Se detuvo para ver su corazón, hace tiempo que no lo había hecho. Falta de tiempo quizás, pero la principal razón era su pacto interno: no dejarse llevar por aquellos personajes extraños que algún día se movieron con voluntad propia, al interior de su pecho; seres incomprendidos llamados sentimientos, indescifrable y escurridizos
Sus mejores amigas, las palabras, lo habían acompañado gran parte de sus años; con ellas y a través de ellas, intentaba entender la realidad que lo envolvía. Transformaba cada historia dolorosa de su vida en textos anecdóticos: algunos con tintes filosóficos, otros de humor sarcástico, uno que otro cómico, pero ninguno haciendo alusión a él ni a sus experiencias; mas, su presencia deambulaba fantasmal en cada letra escrita. “Lo creado siempre tendrá algo del creador”, se decía al descubrirse abrumado en las lecturas de sus propios textos.
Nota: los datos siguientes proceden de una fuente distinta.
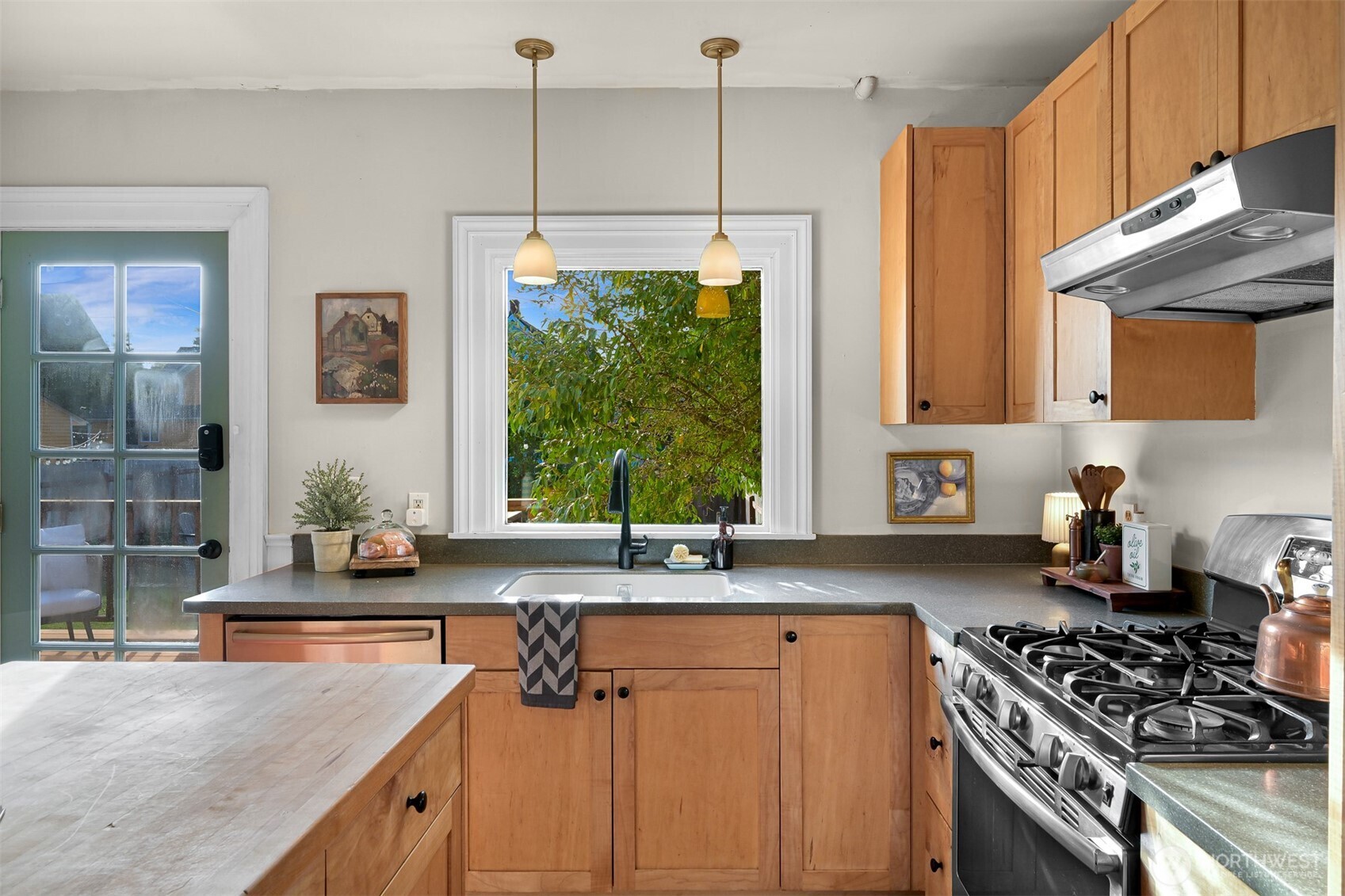 1421 Iron Street Property Photo 16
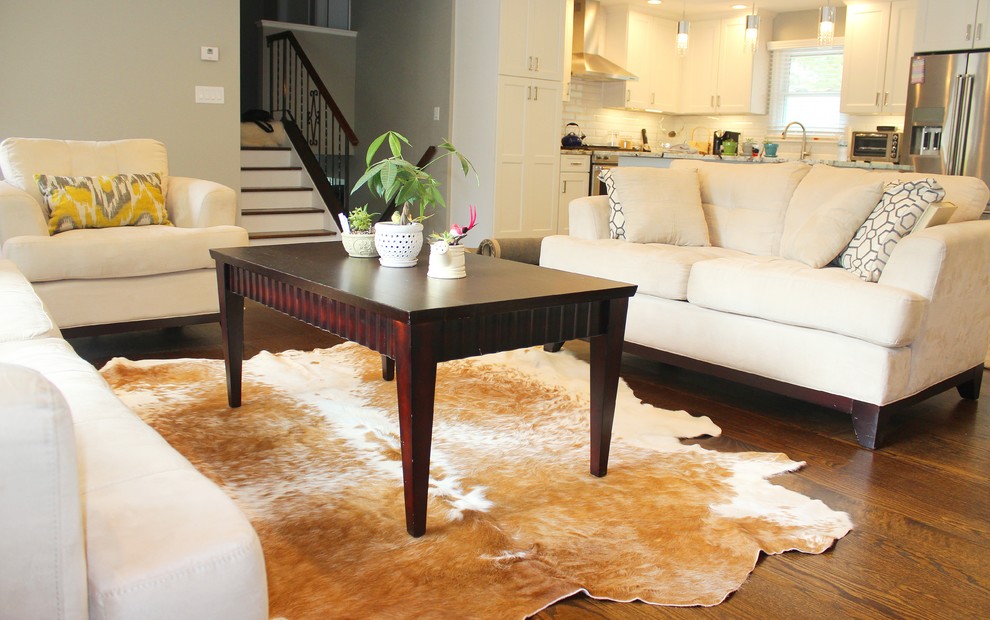 Idée de décoration pour un salon minimaliste de taille moyenne et ouvert avec un mur gris et un sol en bois brun.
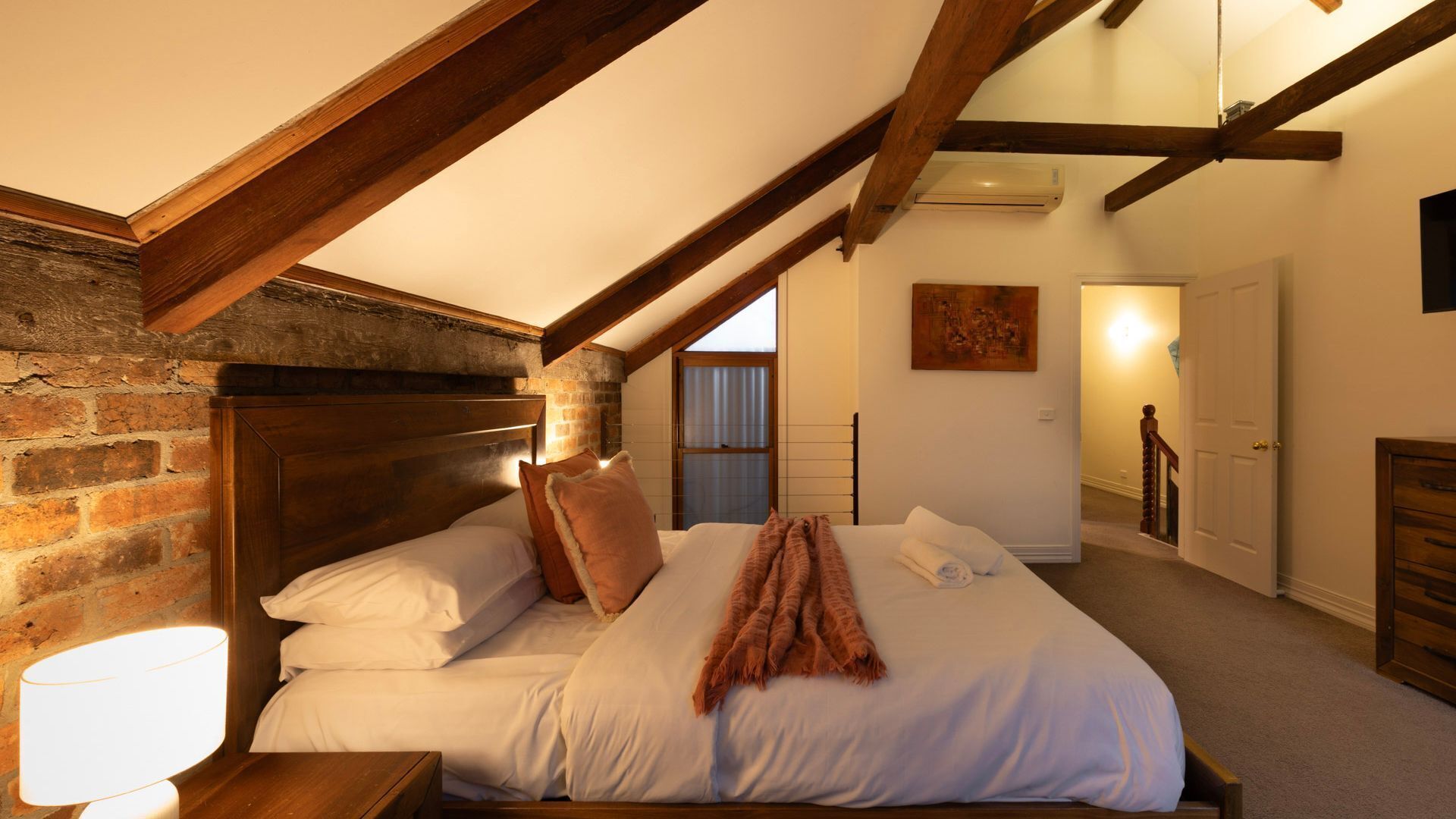4 chambres, Wi-Fi gratuit, draps fournis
Tres adolescencias habían pasado ya por los surcos de su rostro y los hilos blancos de su pelo, le dotaban de un aspecto señorial y fantasioso, pues sus ojos en ocasiones lo delataban. Sus tres adolescentes vivían en peleas épicas para ganarse el acceso a aquellas ventanas que les permitieran, uno a uno, ver y dejarse ver por el mundo exterior. Consciente de aquel detalle, pintaba las ventanas de color verde para hacer más complicada tal travesía, tanto para los avezados muchachos deseosos de exhibirse cuanto para la gente que deseaba ver lo que este hombre ocultaba. Este intento resultaba efectivo contra la mayoría de la muchedumbre, pero no para sus más cercanos que aprendieron a convivir y a comprender a sus interlocutores.
Un buen día que decidió hacer cierta tregua con sus inquilinos, salieron todos a festejar vitrineando. Entraron muy resueltos a un local de ropa interior provocativa. Entre los tres se decidirían por una prensa erótica que lo haga ver sexy, se dijo. La encontró en algo mejor: un maniquí animado dispuesto a exhibirse para él. Y se detuvo para ver a su corazón.